> **The task**:
When you reach the line that contains "vidaXL Meubles TV", begin copying exactly and continue through the last line below. Do not copy pictures.

####################

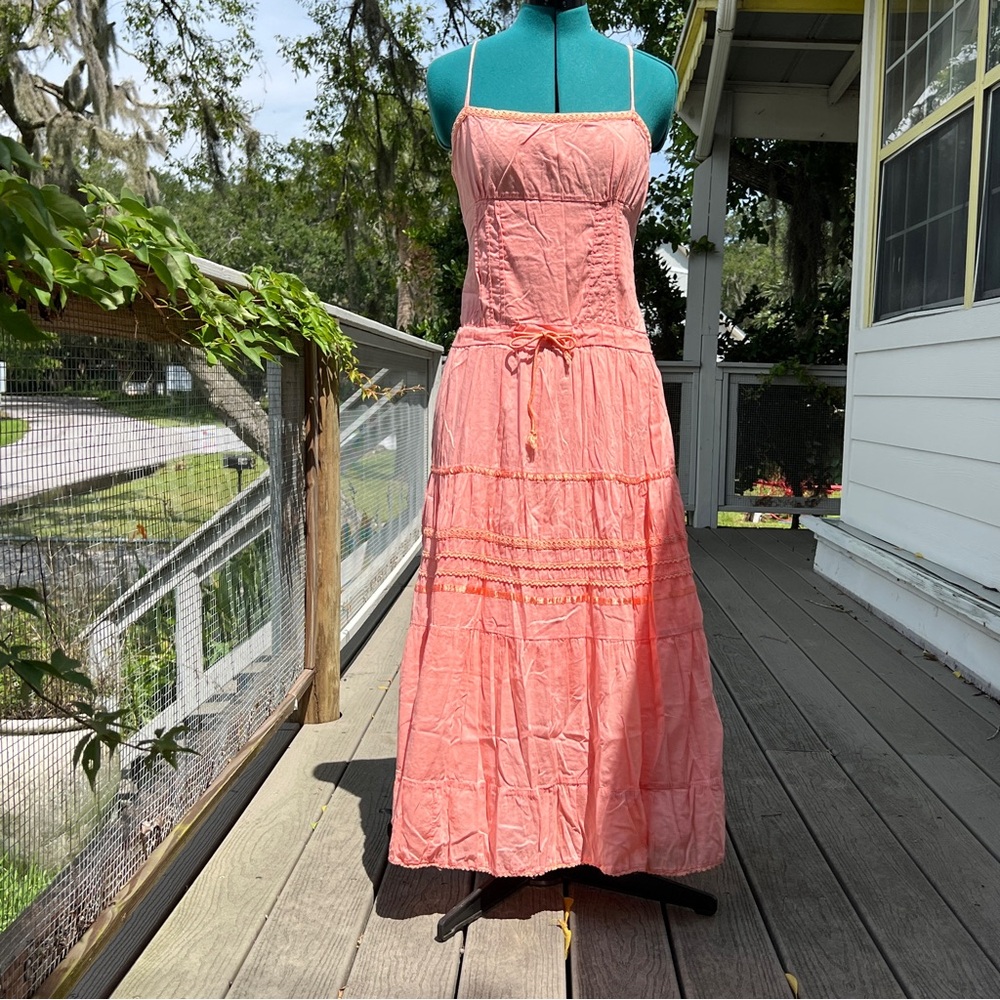 JWF - Just for Wraps: Coral Spaghetti Strap Adjustable Maxi Dress. Size Large*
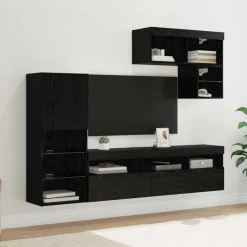 vidaXL Meubles TV muraux 6 pcs Chêne noir Bois d'ingénierie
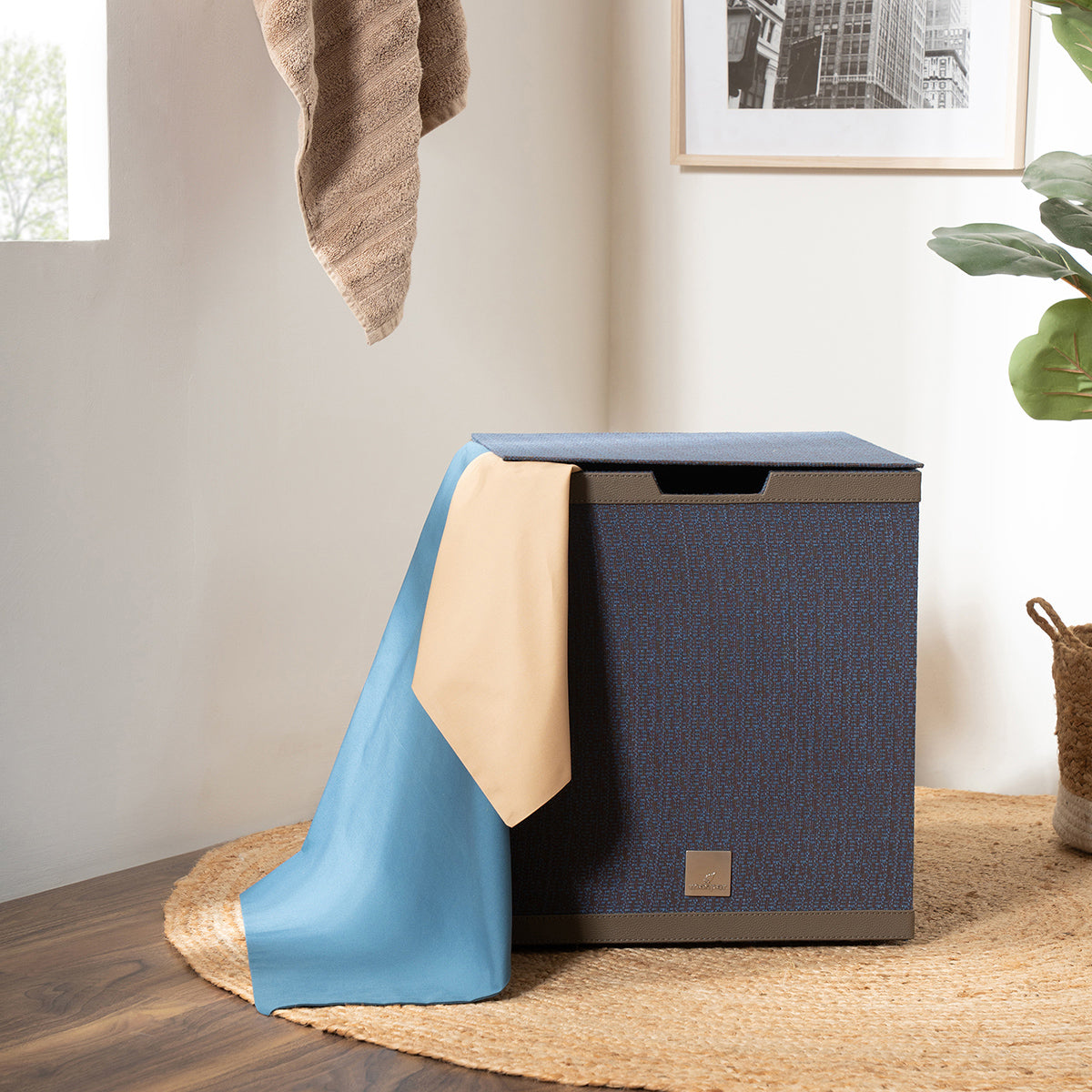 Laundry Basket Wedge Wood Blue 35.5X35.5X40.5CM Calenthe
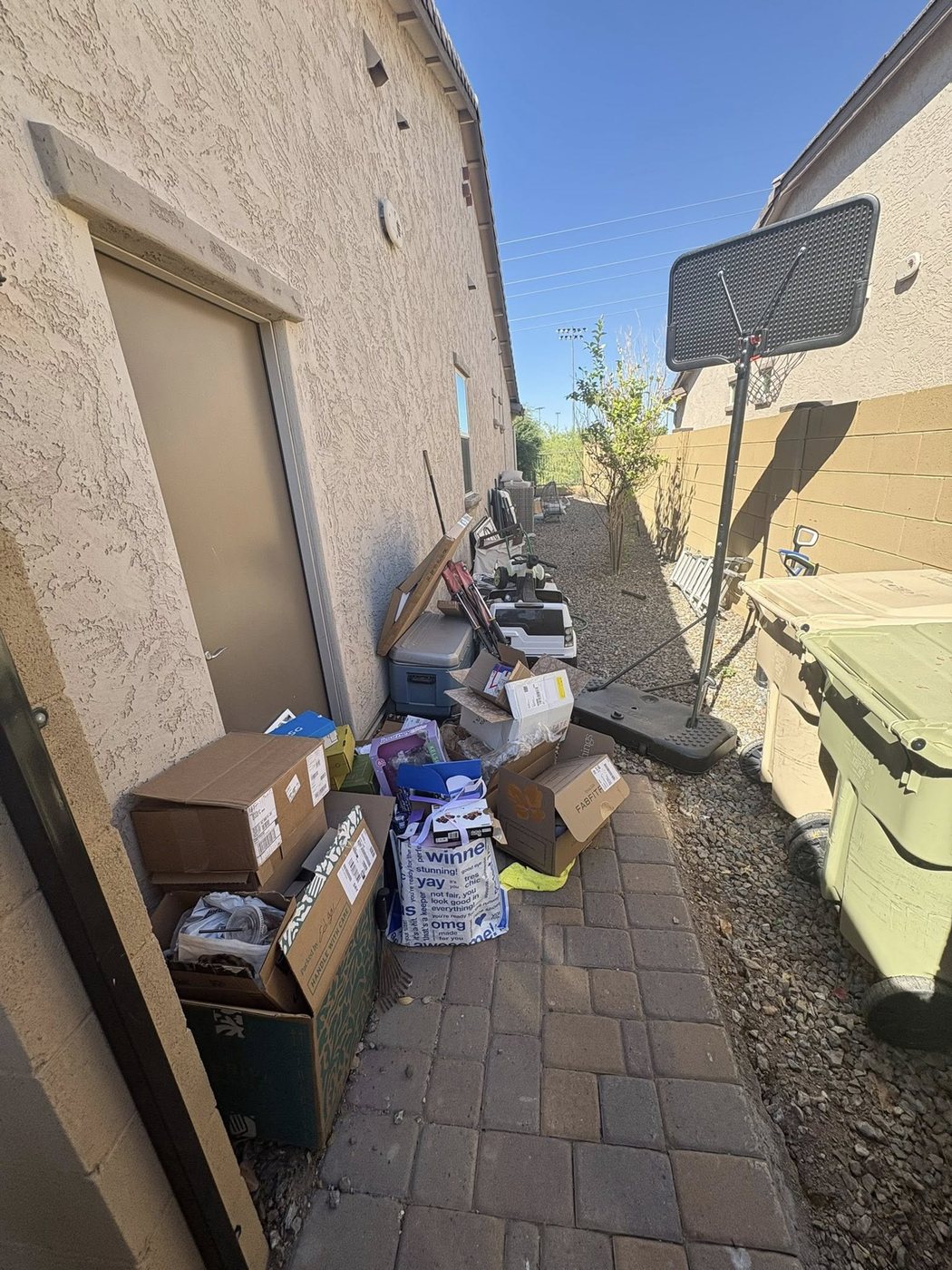 Side yard before junk removal
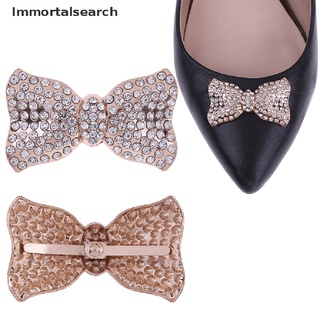 Immortalsearch 1Pc Rhinestone bowknot metal zapatos clip hebilla mujer zapato encanto accesorios MY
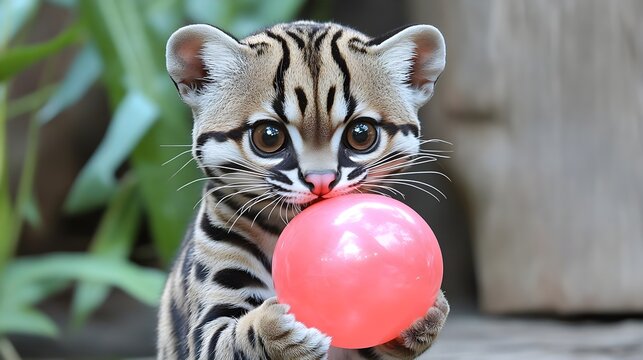 Adorable Ocelo Cat Playing with Pink Ball Surrounded by Nature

####################

> **Response to this task**:
 vidaXL Meubles TV muraux 6 pcs Chêne noir Bois d'ingénierie
 Laundry Basket Wedge Wood Blue 35.5X35.5X40.5CM Calenthe
 Side yard before junk removal
 Immortalsearch 1Pc Rhinestone bowknot metal zapatos clip hebilla mujer zapato encanto accesorios MY
 Adorable Ocelo Cat Playing with Pink Ball Surrounded by Nature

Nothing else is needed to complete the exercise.